* Task to complete:
In the records below, the line with "abstract bird with" and every line after it must be written out exactly; no pictures belong in the result.

(Data records Opens)

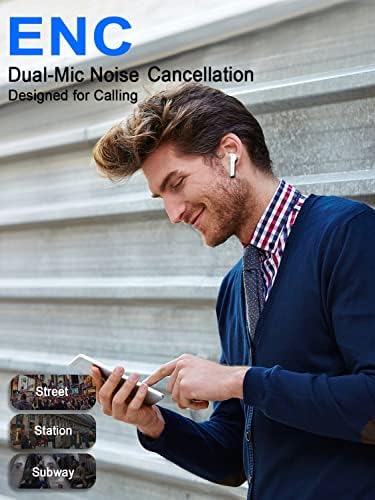 GCBIG Wireless Earbuds, Bluetooth 5.3 Headphones in Ear, 25H Playtime Wireless Earphones with 4 Mics, IP7 Waterproof Bluetooth Earbuds with Hi-Fi Stereo Sound, ENC Clear Call, Touch Control, USB-C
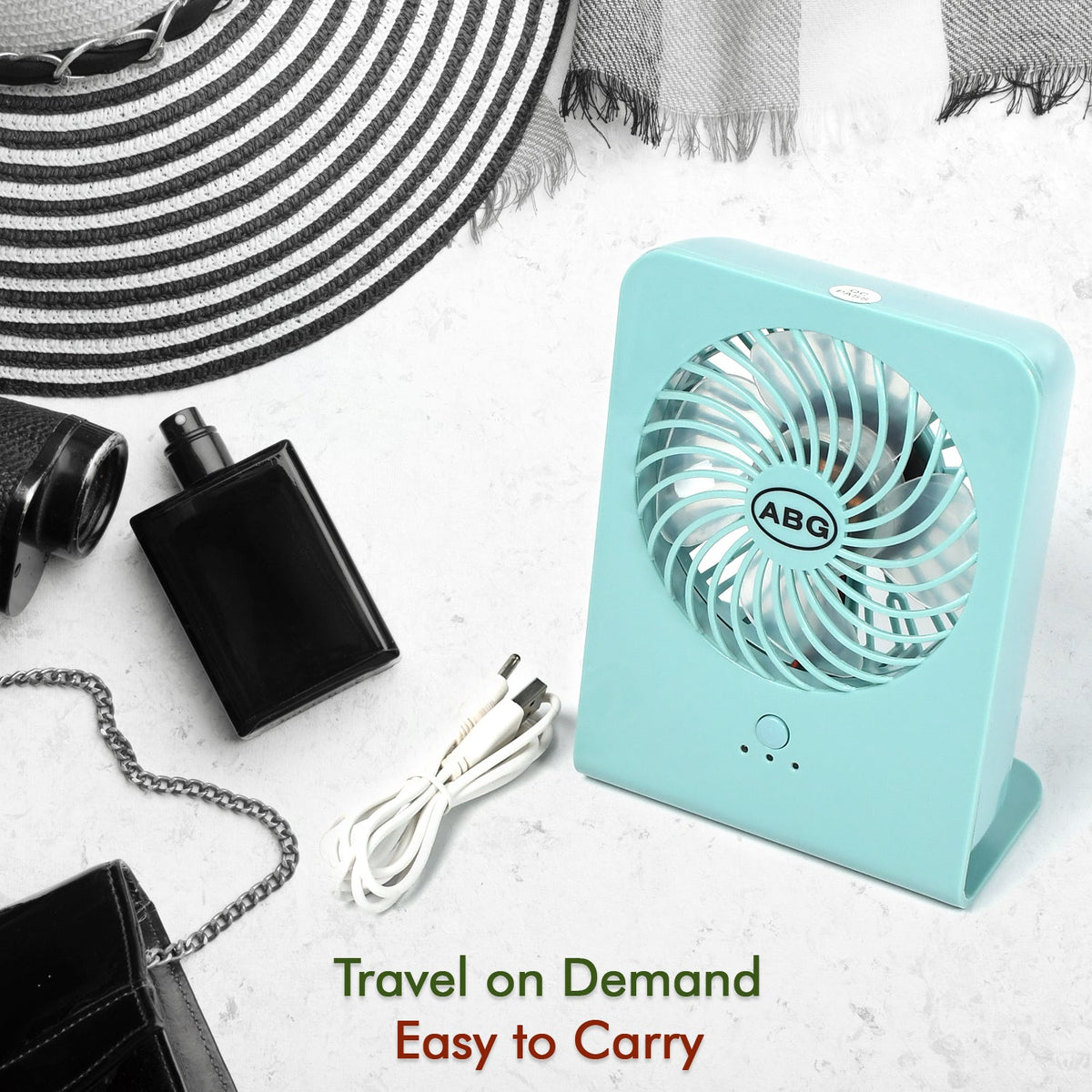 Portable Desk Fan – Quiet 3-Speed USB Power – view 6
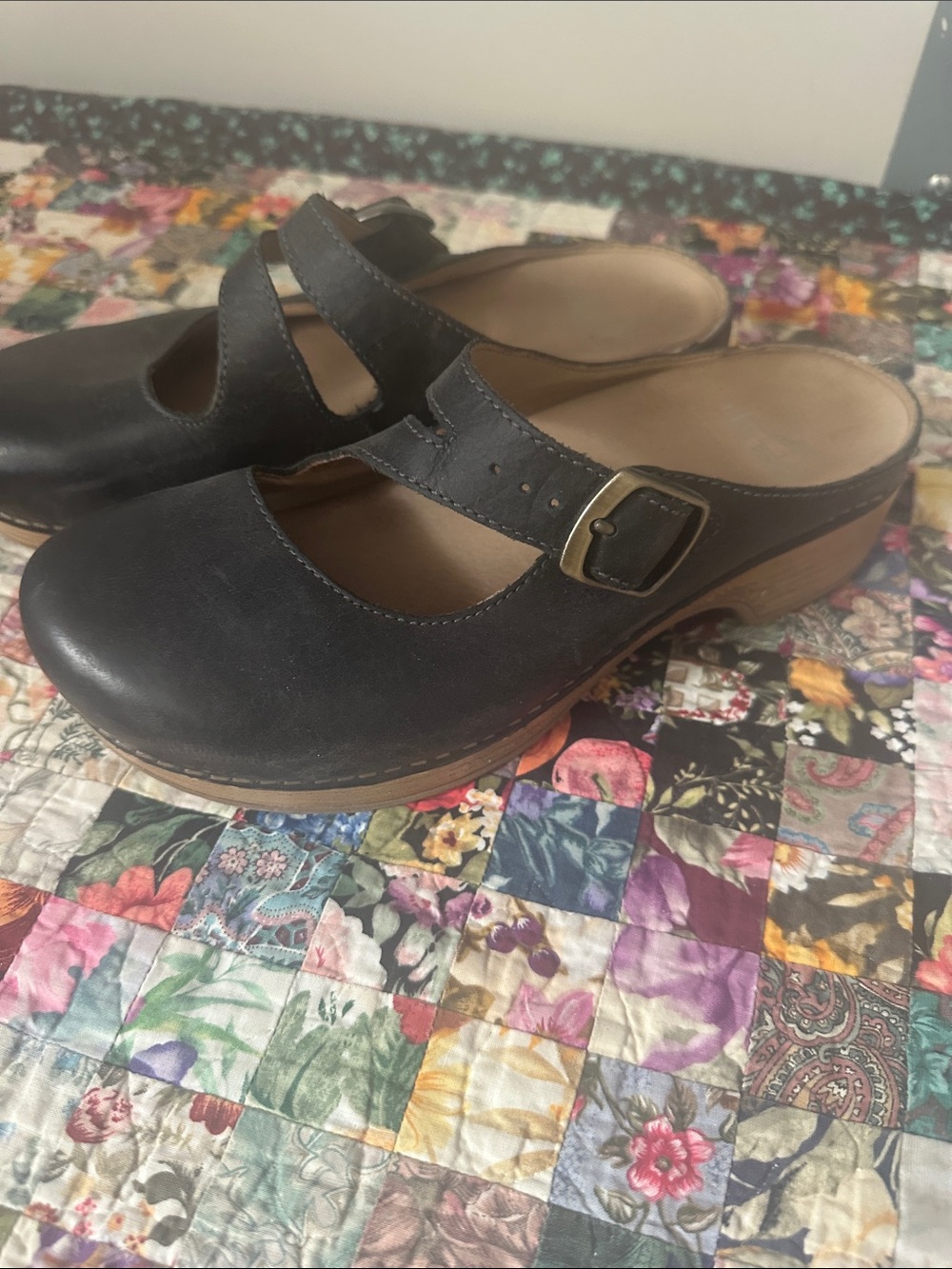 Dansko Black Leather Mary Jane Clog Mule with Buckle Strap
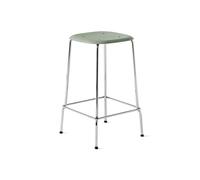 HAY Taburete bajo Soft Edge 30 verde empolvado. estructura cromada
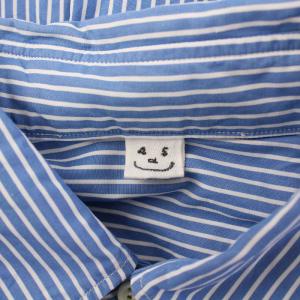 45R 180番三子の908ローファーシャツ カジュアル 長袖 レギュラーカラー ストライプ柄 青 ブルー 白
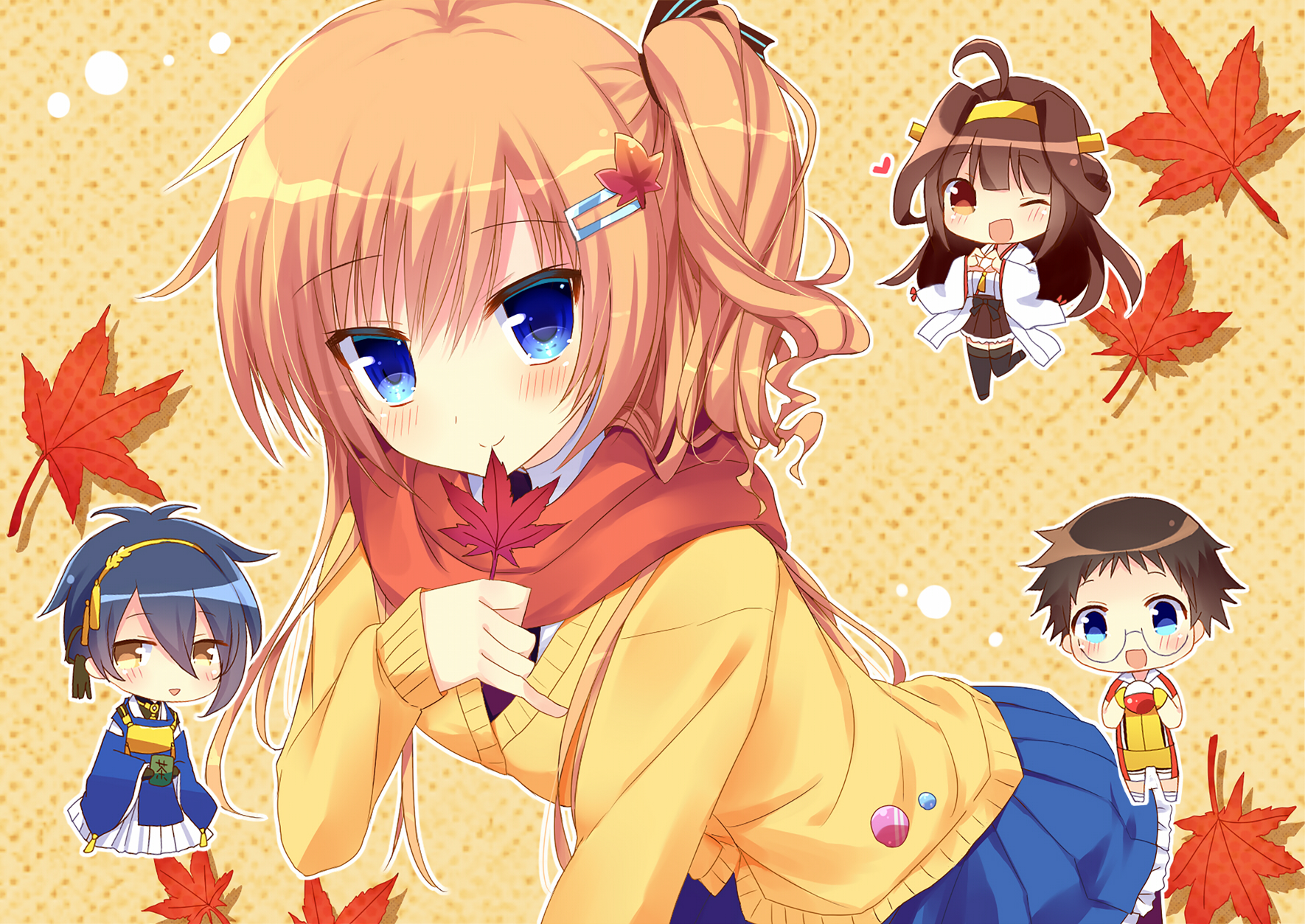 Free download wallpaper Anime, Leaf, School Uniform, Long Hair, Brown Hair, Chibi, Kantai Collection on your PC desktop
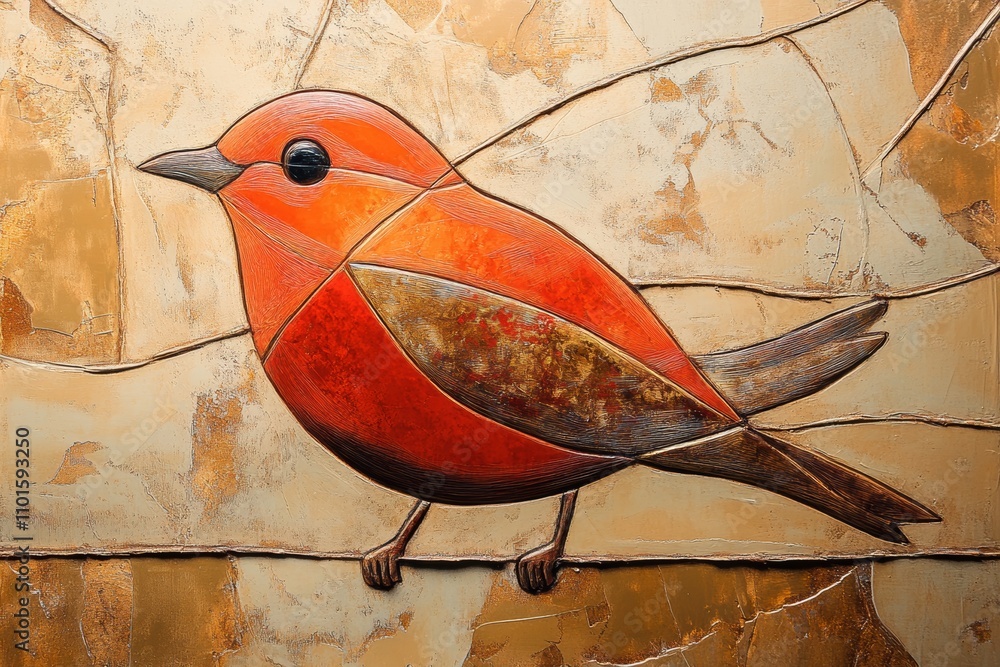 abstract bird with lines in bordeaux red color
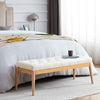 Panchina Hotel Legno e Tessuto Chester 108x40cm Ingresso Camera da Letto Beige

(Data records Closes)

* Result of the task:
 abstract bird with lines in bordeaux red color
 Panchina Hotel Legno e Tessuto Chester 108x40cm Ingresso Camera da Letto Beige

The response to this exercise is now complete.